Ischemia-Reperfusion Injury


Ischemia-reperfusion injury occurs as the result of attenuation or cessation of coronary blood flow such that oxygen delivery to the myocardium is insufficient to meet basal myocardial oxygen requirements to preserve cellular membrane stability and viability. The initiation of myocardial injury requires an ischemic episode that, by itself, may induce reversible or irreversible cellular injury.52


Reversible ischemia-reperfusion injury may be manifested as either stunning or hibernation. Stunning “describes the mechanical dysfunction that persists after reperfusion despite the absence of myocellular damage and despite the return of normal or near-normal perfusion.”53,54 A second form of reversible ischemia-reperfusion injury is hibernation, which is a syndrome of reversible, chronically reduced contractile function as a result of one or more recurrent episodes of acute or persistent ischemia, referred to as chronic stunning.

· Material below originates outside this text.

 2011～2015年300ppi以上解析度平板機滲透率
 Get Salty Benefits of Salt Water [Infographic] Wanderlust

As in stunning, hibernating myocardium is viable but not functional and is reversible with coronary revascularization.55,56 There is good clinical evidence that despite seemingly adequate application of modern methods of myocardial protection, all patients undergoing cardiac surgery have varying degrees of myocardial stunning.57,58 Evidence to support this concept is based on the requirement of inotropic support for separation from bypass for hours or days after surgery in some patients who are eventually weaned from these drugs as the stunning abates, without objective evidence of a myocardial infarction.59


Two major theories have been proposed as possible mechanisms leading to ischemia-reperfusion injury (Fig. 63-3).

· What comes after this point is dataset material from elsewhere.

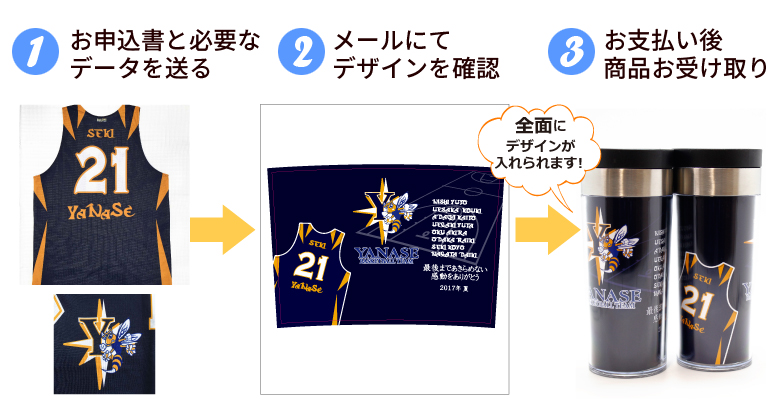 簡単３ステップ注文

The calcium hypothesis suggests that the inability of the myocyte to modulate intracellular and intraorganellar calcium homeostasis induces a cascade of events culminating in cell injury and death (Fig. 63-4). Ischemia leads to the induction of metabolic acidosis and the activation of the sodium-proton exchanger, resulting in the transport of hydrogen ions to the extracellular space and the movement of sodium into the cytosol. As the sodium-calcium exchanger is activated, sodium is transported to the extracellular space and calcium is taken up into the cytosol, increasing cytosolic calcium concentration ([Ca2+]i). Increased [Ca2+]i accumulation is also augmented by ischemia-induced depolarization of the membrane potential, which allows the opening of the L-type calcium channels and further calcium entry into the myocyte. Cellular and cytosolic calcium-dependent phospholipases and proteases are in turn activated, inducing membrane injury and the further entry of calcium into the cell. These processes alter myocardial cellular homeostasis, leading to cellular dysfunction or, if they are of sufficient duration or intensity, cell injury or death. Alternative explanations include the concept of reperfusion-induced myocardial contracture resulting from rapid re-energization of contractile cells with persistent calcium overload affecting myofibrillar calcium sensitivity.60



The free radical hypothesis suggests that the accumulation of partially reduced molecular oxygen collectively known as reactive oxygen species during the early stages of reperfusion causes myocardial cellular damage and cell death through microsomal peroxidation of the cellular phospholipid layer, leading to loss of cellular integrity and function (Fig. 63-5).61 The generation of reactive oxygen species is believed to be mediated by xanthine oxidase, activation of neutrophils, or dysfunction of the mitochondrial electron transport chain. It has been suggested that the generation of reactive oxygen species may induce cellular membrane damage, thus facilitating calcium entry and the induction of cellular death. This hypothesis unifies both prevailing theories and is currently considered to be valid. However, therapeutic attempts to control calcium and reactive oxygen species overload have not yielded meaningful advantage.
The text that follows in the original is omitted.